Amazon Redshift ML makes it easy for data analysts and database developers to create, train, and apply ML models using familiar SQL commands in Amazon Redshift data warehouses. With Amazon Redshift ML, you can use Amazon SageMaker, a fully managed ML service, without learning new tools or languages. Simply use SQL statements to create and train Amazon SageMaker ML models using your Amazon Redshift data, and then use these models to make predictions.

Process and log mining

Customers want to optimize their existing processes and identify rudimentary and unnecessary steps to make their business processes leaner and more efficient.

This requires loading petabytes of log and event data from various systems across the business process chain into an indexed store. Users can then analyze various steps of the process to identify patterns which make the business process inefficient.

A typical business process in a large organization has several intermediate steps (subsystems) handling part of the process chain. To analyze such business processes, both structured and semi-structured log data is often needed. Traditionally, this data had to be normalized using multi-step ETL cycles to flatten, combine, and store the data into a relational data store.

However, even after all these steps, customers are frequently unable to derive meaningful insights, because running analytics on normalized process data at scale is difficult using traditional tools. Moreover, any new information needs to be modeled and go through cycles of the ETL process change to be available for business needs, often making the whole process frustrating and error prone.

Amazon Opensearch Service is a fit for purpose solution for such use cases, because you can index all your structured and semi-structured log data into a single index store, and run search queries to combine this data at scale and identify patterns. As new data comes in, you naturally enhance your search queries to immediately include such insights, reducing time to market and improving the experience of your analysts.

User profile store for personalization

Businesses want to better engage with their customers by providing tailor-made recommendations of product and services based on the current and previous patterns of customer preferences.

To achieve such a high degree of personalization, data from various channels of user interaction needs to be combined with existing data about the customer. Typically, clickstream data from web and mobile channels, call scripts from call centers, chat scripts from chat bots, and other data from after sales and service feedback tools and social media needs to combined, related, and enriched with users’ data from system of record to identify various properties of the users. These properties help determine the best actions and recommendations for the user, which can be fine-tuned using recent behavior.

This set of properties can be called a user profile.

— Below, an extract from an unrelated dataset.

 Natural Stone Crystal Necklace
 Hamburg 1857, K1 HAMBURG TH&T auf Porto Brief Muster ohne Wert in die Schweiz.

Storing this profile in a traditional RDBMS is challenging, because on large ecommerce web channels, there can be tens of thousands to millions of users, each with a varying set of attributes associated with their profile. To meet such large scale and constantly changing attributes, these user profiles must be stored in a highly scalable and flexible sub-second latency data store, to support the millions of API calls of the personalization engine for profile lookups.

Amazon DynamoDB delivers this performance, with millions of API call lookups in sub-second latency at any scale.